Menurut kuasa hukumnya, keputusan ini cacat prosedur dan bertentangan dengan prinsip due process of law.
“Keputusan itu dijatuhkan tanpa pemeriksaan pendahuluan, tanpa pemanggilan resmi, dan tanpa memberikan hak bagi klien kami untuk membela diri. Ini pelanggaran serius terhadap asas proporsionalitas dan asas pemerintahan yang baik sebagaimana diatur dalam UU Nomor 28 Tahun 1999,” tegas Irvan Hadi, Sabtu (4/10/2025).
Dampak bagi Akademisi
Dr. Ansar menilai sanksi tersebut tidak hanya merugikan secara administratif, tetapi juga mencederai martabat akademiknya.
“Saya merasa dijolimi. Tidak pernah diperiksa, tapi tiba-tiba dijatuhi sanksi etik. Ini jelas bentuk ketidakadilan akademik,” ujarnya.
Dalam gugatannya, Ansar meminta agar majelis hakim PTUN Mataram membatalkan keputusan dekan, memulihkan nama baiknya, serta merehabilitasi jabatannya.
Aspek Hukum dan Posisi PTUN
Kuasa hukum Ansar menegaskan keputusan dekan memenuhi unsur Keputusan Tata Usaha Negara (KTUN) yang dapat digugat sesuai UU Nomor 51 Tahun 2009.

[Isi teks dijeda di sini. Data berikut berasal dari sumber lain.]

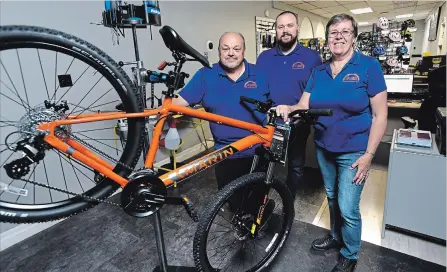  ?? MATHEW MCCARTHY WATERLOO REGION RECORD ?? Doug, left, Corey, and Joan Cota are the owners of Waterloo Bike Shop. The store on Toll Gate Boulevard is a sister shop to Listowel Bike Shop.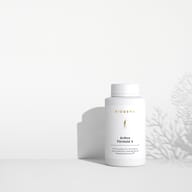 BIOGENA Arthro Formula 4 in a white bottle placed on a surface, with plant shadows in the background. The label reads "Premium preparation for maintaining joint functions."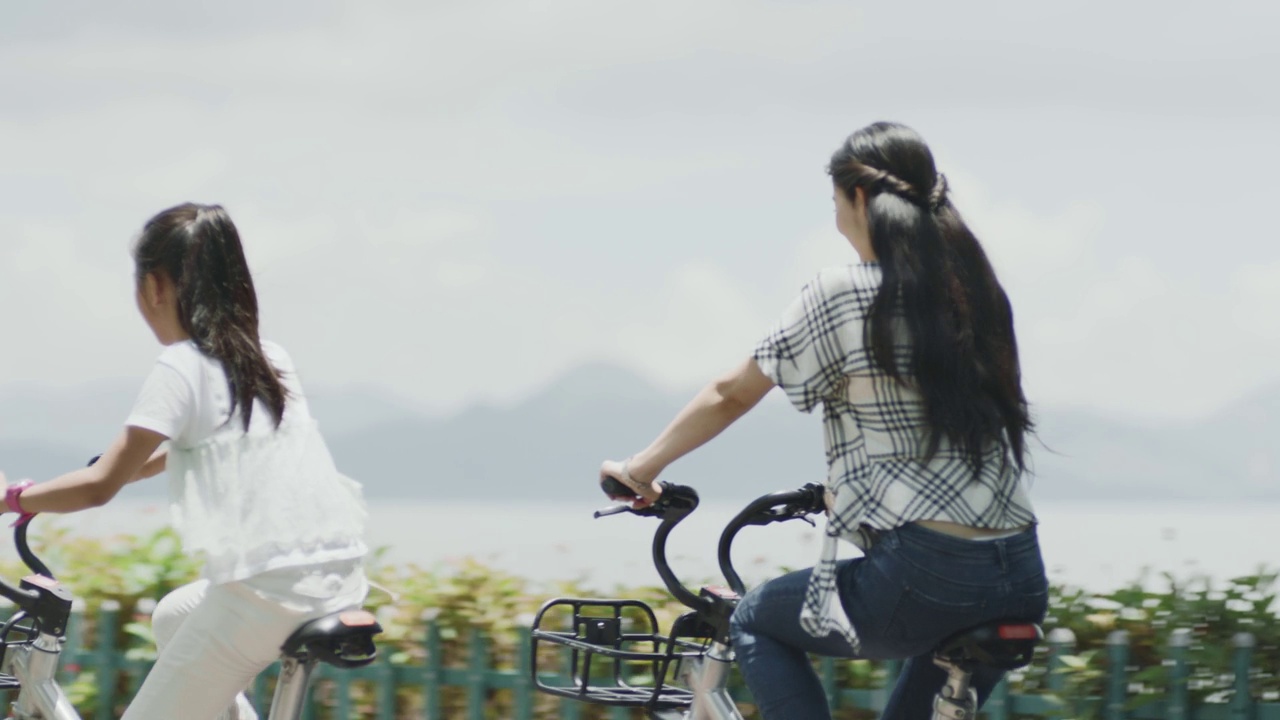 夏季，亚洲母女在海滨散步道上骑自行车视频下载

“KTUN yang bersifat konkret, individual, dan final dapat digugat apabila menimbulkan kerugian bagi individu, apalagi jika prosesnya tidak memenuhi asas due process of law,” jelas Irvan.
Sementara itu, Satrijo Saloko memilih enggan berkomentar panjang.

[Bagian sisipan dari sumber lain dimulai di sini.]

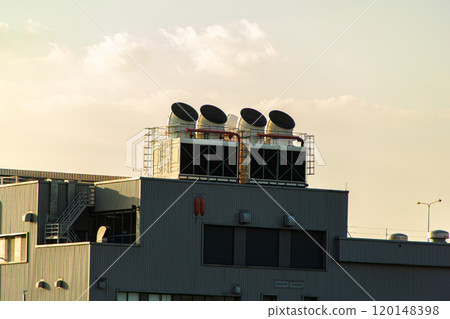Industrial air conditioning units on a rooftop. 120148398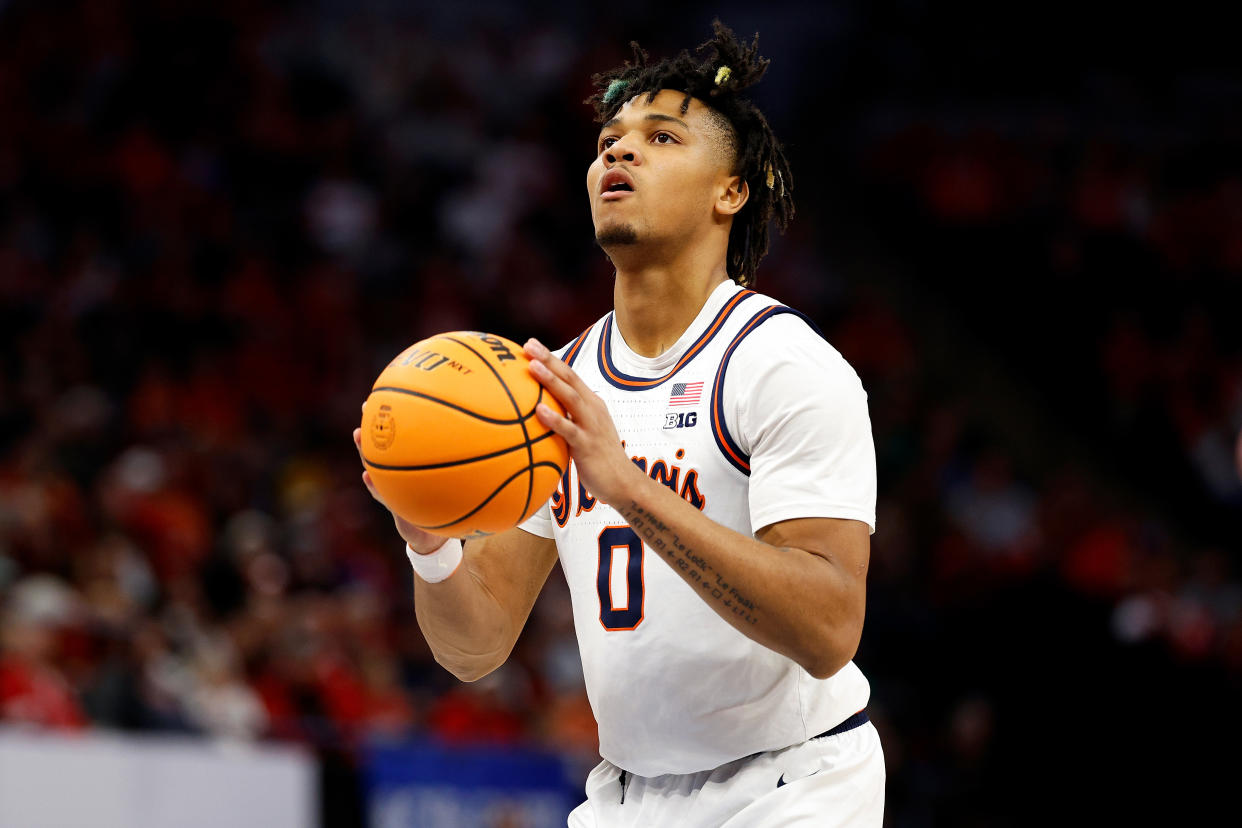 MINNEAPOLIS, MINNESOTA - MARCH 17: Terrence Shannon Jr. #0 of the Illinois Fighting Illini shoots a free throw against the Wisconsin Badgers in the second half at Target Center during the Championship game of the Big Ten Tournament on March 17, 2024 in Minneapolis, Minnesota. The Fighting Illini defeated the Badgers 93-87 to advance to March Madness. (Photo by David Berding/Getty Images)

“Minta ke Tim Hukum dan Advokasi Unram ya, Mas. Kami sudah kuasakan, dan sekarang kami sedang fokus proses akreditasi,” tulisnya melalui pesan WhatsApp.

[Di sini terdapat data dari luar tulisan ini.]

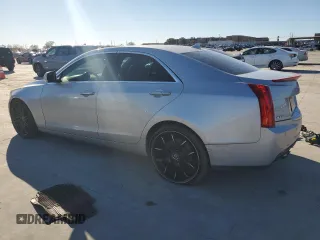 2013 Cadillac ATS Performance z VIN 1G6AC5S3XD0120025, wystawiony jako Copart lot #84156584 z przebiegiem 124 592 mil mil oraz Szkody całkowita. Historia ofert i sprzedaży dostępna na DreamBid. Obrazek 2.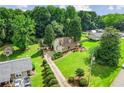 Expansive property with mature trees, long driveway, and well-manicured lawn around a charming stone home at 150 Wilbanks St, Buford, GA 30518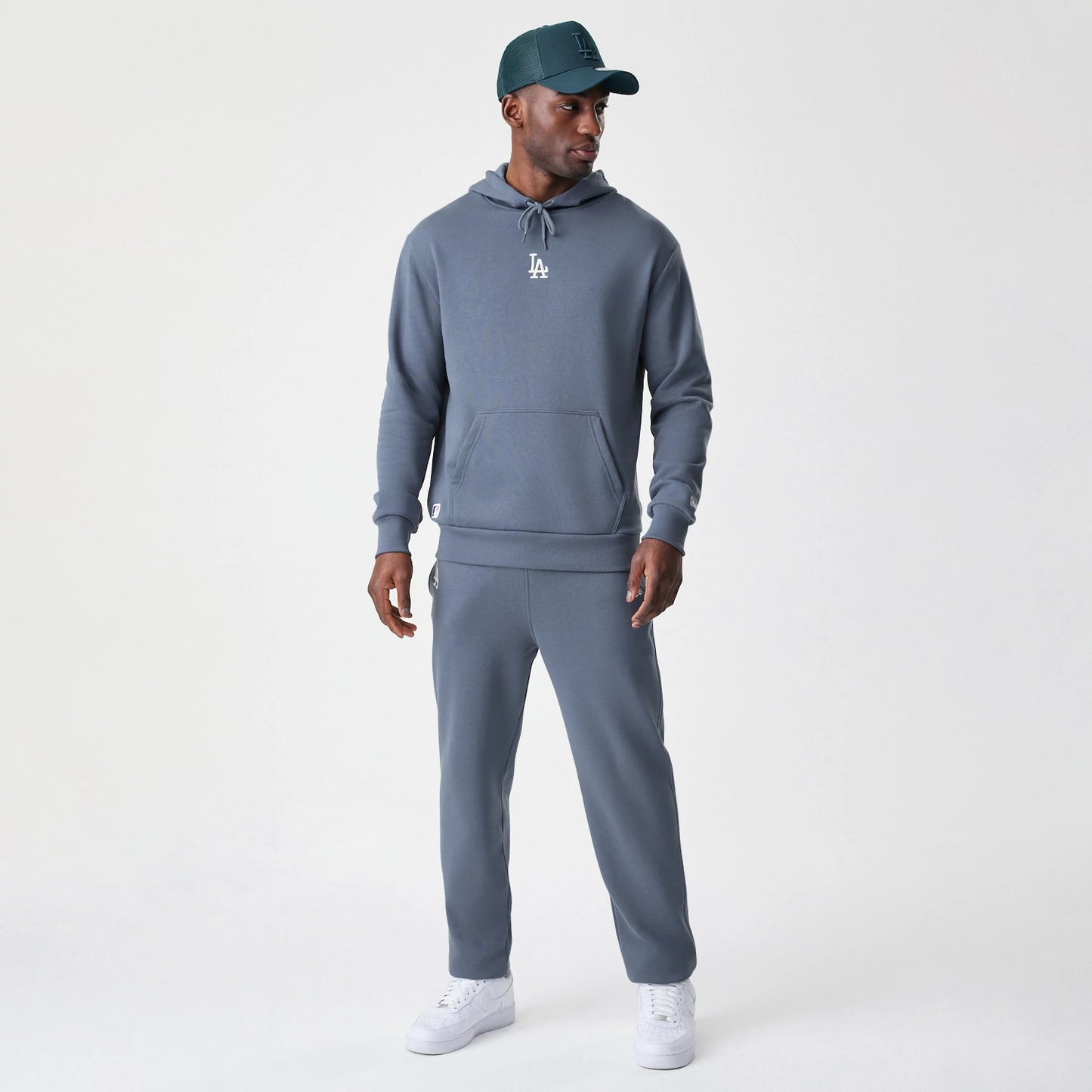 The Male model is wearing LA Dodgers MLB Midi League Essential Dark Grey Oversized Pullover Hoodie 8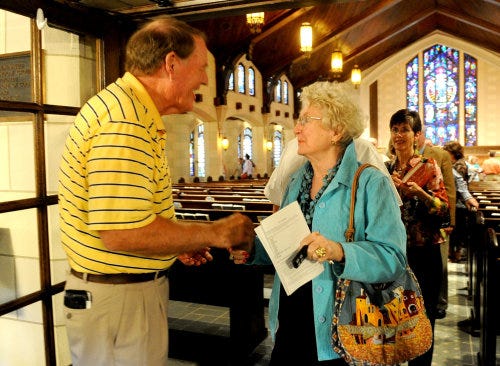 The Rev. Jim Bankhead receives well-wishes from Betty Davenport at the end of his final service at First Presbyterian Church. Bankhead, who was the church?s pastor for 11 years, will serve as the interim associate pastor of discipleship at West Lake Hill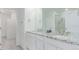 Bright bathroom features double sinks with granite countertops, modern fixtures, and walk-in shower access at 17825 Gallup St, Broomfield, CO 80023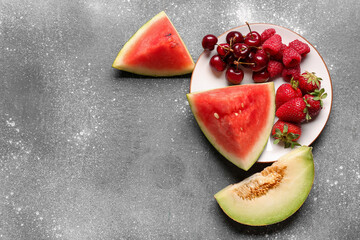 Fototapeta na wymiar Plate with pieces of fresh watermelon and different berries on grey background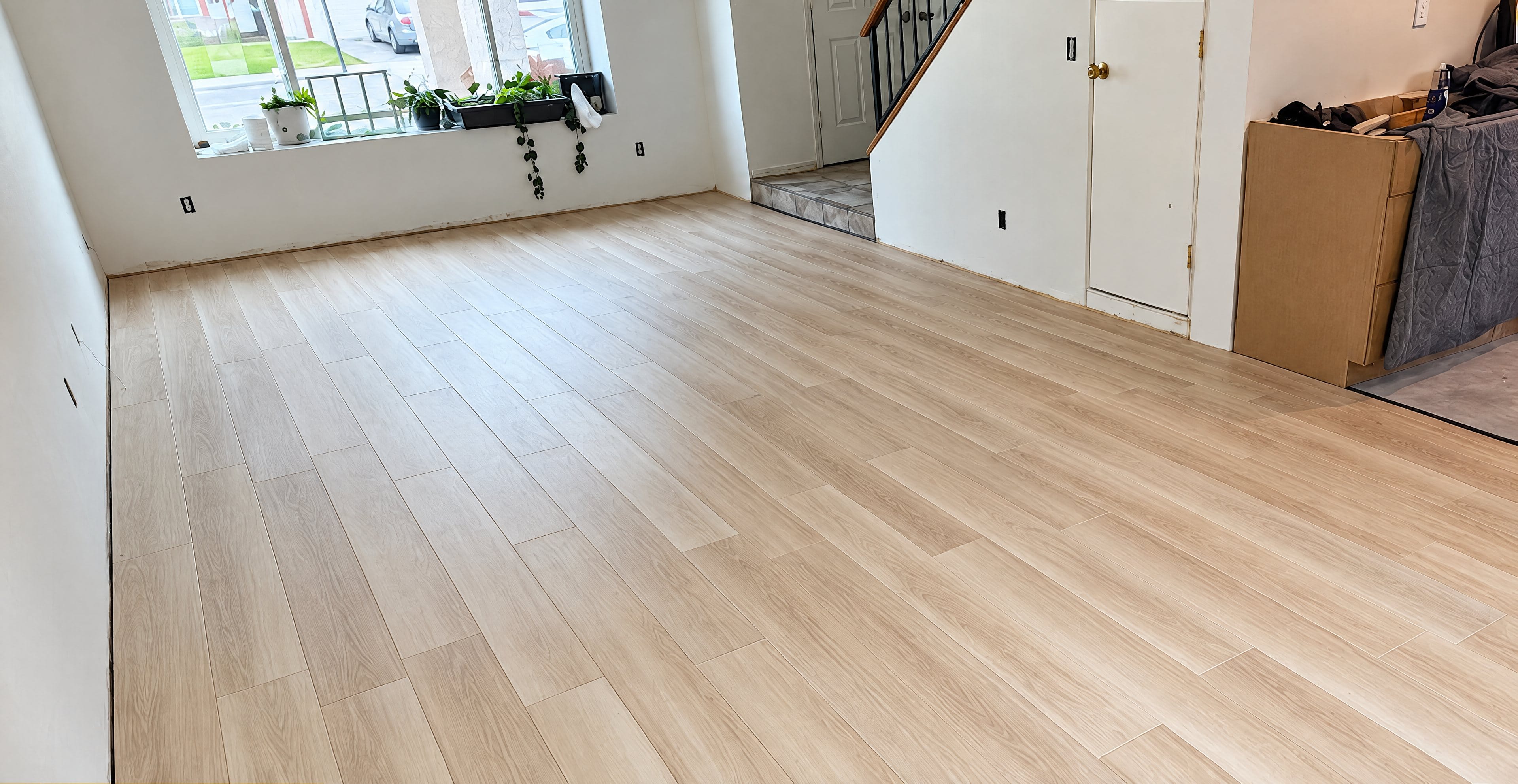 Open living area with new light plank flooring
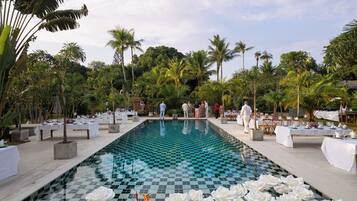 Ein Pool mit Schachbrettmuster, umgeben von Palmen und weißen Blumenarrangements.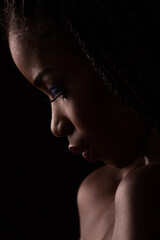 Close up portrait of dark skinned model on black backstage. Light and shadow portrait.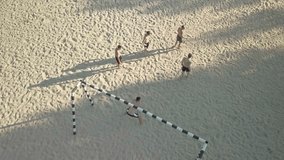 Soccer players in dynamic action funny play on the sand in beach football in summer sunny day under sunlight. Aerial View, Drone 4K Video.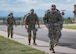 Airmen with ruck sacks running on sidewalk.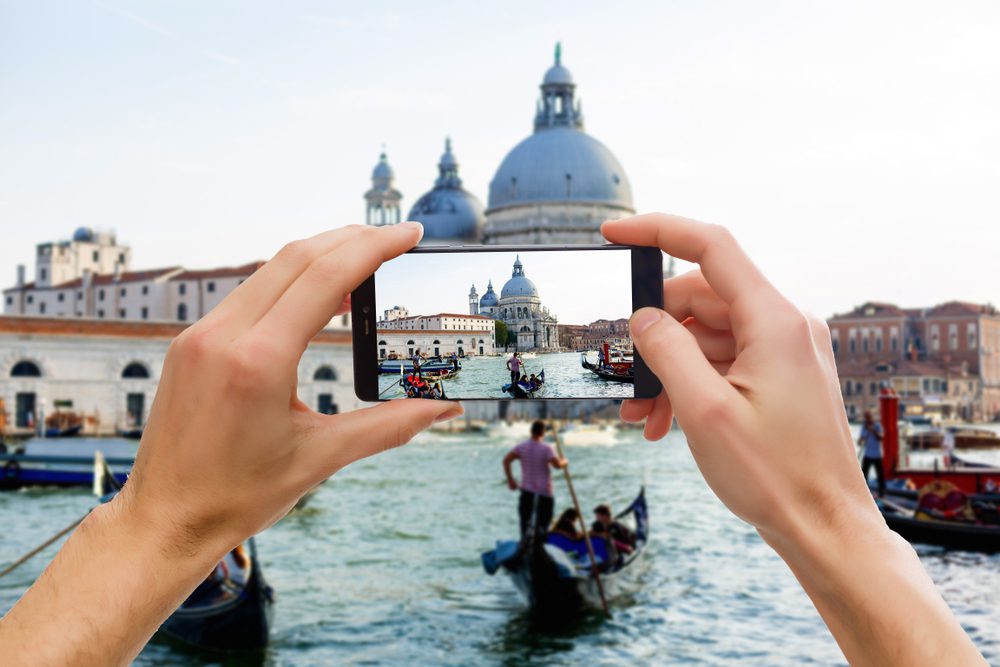 A person taking a picture of some people in boats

PTUN Mataram kerap menangani sengketa administrasi dari instansi pendidikan tinggi di NTB, termasuk Unram.
Kasus ini muncul saat kampus sedang menghadapi pemilihan senat universitas dan rektor baru, yang sering kali sarat kepentingan politik akademik.
Praktik sanksi etik tanpa pemeriksaan dapat mengancam kebebasan akademik yang dilindungi dalam UU Pendidikan Tinggi.